The first and second wire grid structures 8, 14 constitute a double layer grid 16. The first and second wire grid structures 8, 14 are constructed in anti-phase with each other. The first wire grid structure 8 consists of metal strips 18 which are spaced apart from one another by longitudinal slits 20. This structure is arranged with a period p. The second line grid structure 14 is constructed in phase opposition thereto. The second wire grid structure has longitudinal slits 24 at the locations where the first wire grid structure 8 has the strips 18 and strips 22 at the locations of the longitudinal slits 20. The layer configured with the strips 18 has, for example, a thickness t1, and the layer configured with the strips 22 has a thickness t 2. The strips 18, 22 and thus the line grating structures 8, 14 have a refractive index n and are completely surrounded by the dielectric 6, which preferably and optimally has the same refractive index n above and below the line grating structures 8, 14. The refractive index in the dielectric 6 may also vary.

As can be seen, the inverted shape of the second line grating structure 14 relative to the first line grating structure 8 is such that the width d of the strips 18 of the first line grating structure 8 exactly corresponds to the width of the longitudinal slits 24 of the second line grating structure 14. The same applies to the width s of the longitudinal slits 20 of the first wire grid structure 8 and to the width of the strips 22 of the second wire grid structure 14. Furthermore, the inverse line grid is shifted relative to one another by half a period in the plane 10 or 12 in such a way that, in a plan view onto the security element 4 (corresponding to the top-down viewing direction in fig. 2A), a void-free layer is formed by the strips 18 and 22.

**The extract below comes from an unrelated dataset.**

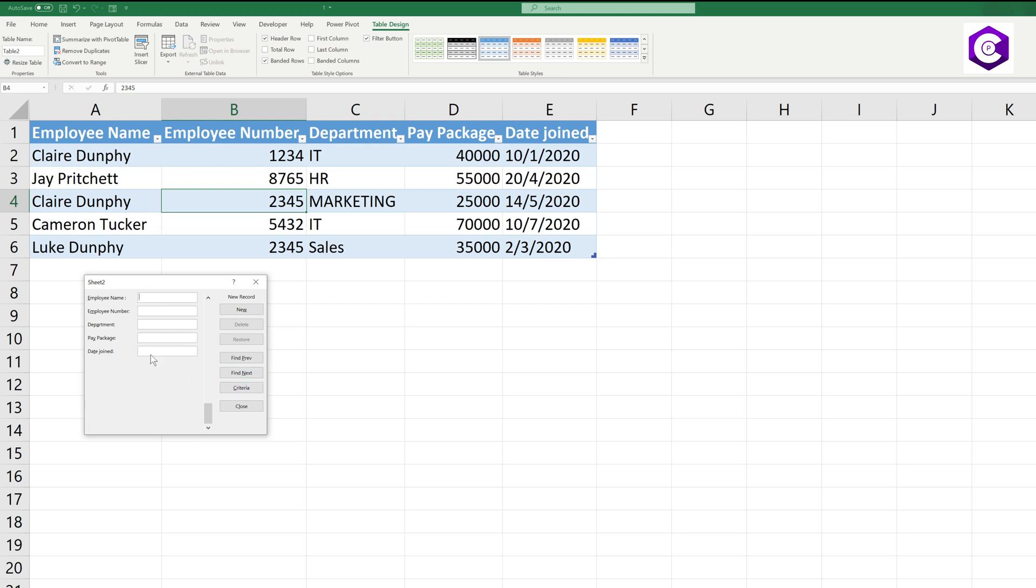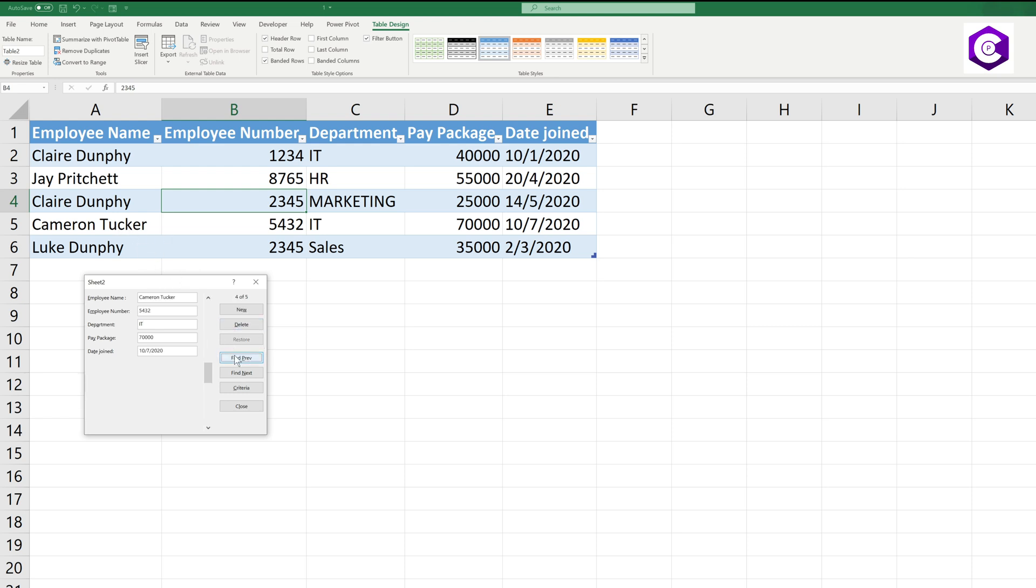We have one more option over here which says Criteria. This is to search for entries. Let's say you select Criteria and the department you want to search for people in the IT department, what you do is you type in IT over here and you click on Find Previous and it will find the entries for people in the IT department. You can even delete those entries, you can find more people who are in your IT department.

In fig. 2A, the plane wave arrives at the security element 4 at an azimuth ph and an elevation th. This incident ray S is partly transmitted as a transmitted ray T and partly reflected as a reflected ray R. The properties of this effect on radiation in the terahertz range are explained in more detail below with reference to fig. 3 to 7.

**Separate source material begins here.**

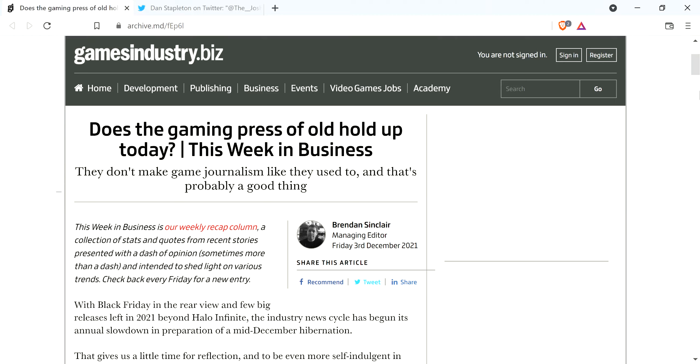All right, so I saw this article the other day on Games Industry. Does the gaming press hold up today? They don't make games journalism like they used to, and that's probably a good thing.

The embodiment of fig. 2B to 2D differs from the embodiment of fig. 2A in the design of the strip 18. The strips are used to additionally produce a visually perceptible effect. Despite this visually perceptible effect, structures that are effective in the terahertz range cannot be identified. Namely, the hidden anti-counterfeiting characteristic is kept unchanged. In connection therewith, reference is explicitly made to DE102015009584a1, the disclosure of which in connection with the combination of structures effective in the terahertz range and structures that can be perceived visually is hereby fully included.

The aforementioned structures for authenticity detection in the terahertz range are preferably produced on a film substrate and can then be applied, for example, to a banknote 2. However, a metallic specularly reflective surface is not so attractive to the viewer. Although it is possible to overprint such surfaces, it is advantageous to superimpose this structure on other security features based on thin-film elements. Since the known metallized security features, such as holograms, micro-mirror structures or metallic sub-wavelength grids, primarily refer to artificial features which can only be checked with difficulty by machine. By superimposing these structures with the aforementioned terahertz features, these structures can be machine-inspected in the terahertz range.

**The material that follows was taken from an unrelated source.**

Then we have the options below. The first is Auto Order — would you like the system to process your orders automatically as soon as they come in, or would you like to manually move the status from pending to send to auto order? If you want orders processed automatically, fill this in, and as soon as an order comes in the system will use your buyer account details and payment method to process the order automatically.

Therefore, a superposition with different, per se known metallized security features is advantageous. This superposition may be achieved by embossing the hologram, as schematically shown in fig. 2B. In fig. 2B, the strips of the first line grating structure 8 are composed of hologram structures 26. The hologram structure is opaque to terahertz radiation, so the covert security feature of the security element 4 remains unchanged. These holograms consist of a grid structure with a period of about 500 to 1500 nm. In the known embossed holograms, the grid profile has a sinusoidal or rectangular shape with a pitch of about 100 to 300 nm. The structure is metallized over the entire surface. Aluminum, silver or copper with a layer thickness of approximately 30nm to 80nm is preferably used as metal. Superposition with the aforementioned terahertz structures means in this case that the narrow periodic regions of the imprinted hologram or mirror strips lie on the lower plane 12. Since the period of the hologram grid is significantly smaller than the grid period of the terahertz structure, no additional interaction with this structure occurs in the terahertz range. Since the period of the hologram is many orders of magnitude smaller than the wavelength of the terahertz radiation. Therefore, there is transmission in the terahertz range similar to that in the aforementioned double-layer grid 16.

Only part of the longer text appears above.